The SALT Club is an informal group of researchers, from both academic and commercial sectors, with a common interest in Speech and Language Technology (nothing to do with Strategic Arms Limitation). It is organised and minimally funded by the UK Government's Department of Trade and Industry, as a side effect of the funding it provides for research work in this area together with the Science and Engineering Research Council (SERC), under something called the Joint Framework for Information technology (JFIT). Aside from a useful bulletin distributed to JFIT-funded projects, SALT organizes an annual workshop and provides a nexus of useful contacts. It also constitutes an expert group with some influence on government priorities for research funding in this area.
This year's SALT Club Workshop was concerned with Multimedia. Under the rather grand title "Paradigm Shift in Speech and Language Technology: Integrating with other Media", this two-day event combined a series of carefully-chosen plenary presentations and a number of small working group sessions, collectively addressing the issue of what, if anything, there might be of interest to SALT hackers in multimedia and vice versa.
The workshop began with a presentation from Graham Howard about the US Art of Memory project, which (due to the hostility of London Transport) I missed. I did however arrive in time to enjoy Barry Arons' (MIT Media Lab) round-up of work concerned with hypertext-like ways of interacting with recorded speech, ranging from intelligent telephone answering machines to 'virtual conversations'. The technically interesting part of this concerned the design of an appropriate user interface for a database of sound bites accessible by voice only. The database consisted of 13 minutes of monologue from five speakers, gathered over the telephone, which Arons had analysed into a network of some 80 discrete nodes, linked by 750 links of various types (e.g. 'summary', 'detail', 'supporting argument' etc.). It could be queried using a simple 17 word command language. The technology was impressive and sophisticated but mechanically organized snippets of spoken language cannot really be said to be conversations, although Arons did make passing reference to Grice's work in discourse analysis as providing useful models for how 'reports' from such a database might be organized.
This was followed by a more low-key presentation from Paola Fabrizi of the RNIB about the Electronic Daily Newspaper. I found this easily the most impressive project described in terms of real world applications of multimedia. Every night while the compositors are busy setting up the printed text of the Guardian, an electronic version of the same text in a specially encrypted form is broadcast via the unusued lines in teletext transmissions. Subscribers download the text into their pcs overnight, and can then `read' the paper at the same time as their sighted nbeighbours, using a voice synthesizer, large character display or transitory braille display. Paola demonstrated the system with a bottom end of the market speech synthesiser which came as somewhat of a shock after the realism of MIT's synthetic voice, but the simplicity of the interface had much to commend it. Users could scroll, and search, switch betweeen paragraph, line, word and letter mode, the latter being useful to spell out unfamiliar words. Selected stories or prtions of them can be pasted to a scrapbook etc.

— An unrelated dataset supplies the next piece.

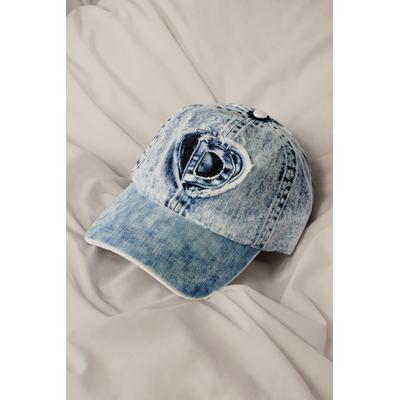 Patch denim studio cap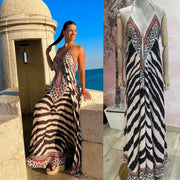 Vestido de invitada Vestido Pañuelo Zebra para mujer - Atelier Invitada S.L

Janet Cauldwell (OUP) presented the electronic OED of which any further praise would be otiose. I shall therefore remark only that this product is so wonderful its presentation and marketing could be safely left to idiots.
After lunch, we were organized into a five work groups, on a variety of occasionally overlapping topics (Organizational structures within language; database interfaces; use of nonlinguistic information in linguistics; educational applications; communications facilities). Each group had an assigned leader, a small number of thought-provoking presentations and a rapporteur charged with making proposals for ways in which new SALT-related activities could be realigned within a multimedia paradign. I joined the first group, and enjoyed brief presentations from Adam Kilgariff and Lynne Pemberton, both, in different ways, concerned with ways of structuring complex texts. The group invented an interesting application area: an intelligent agent capable of summarising or expanding the information content of individual components of a multimedia system as well as identifying and categorising the links between them. I waxed lyrical on the wonders of HyTime, TEI etc, and found myself appointed rapporteur for my pains.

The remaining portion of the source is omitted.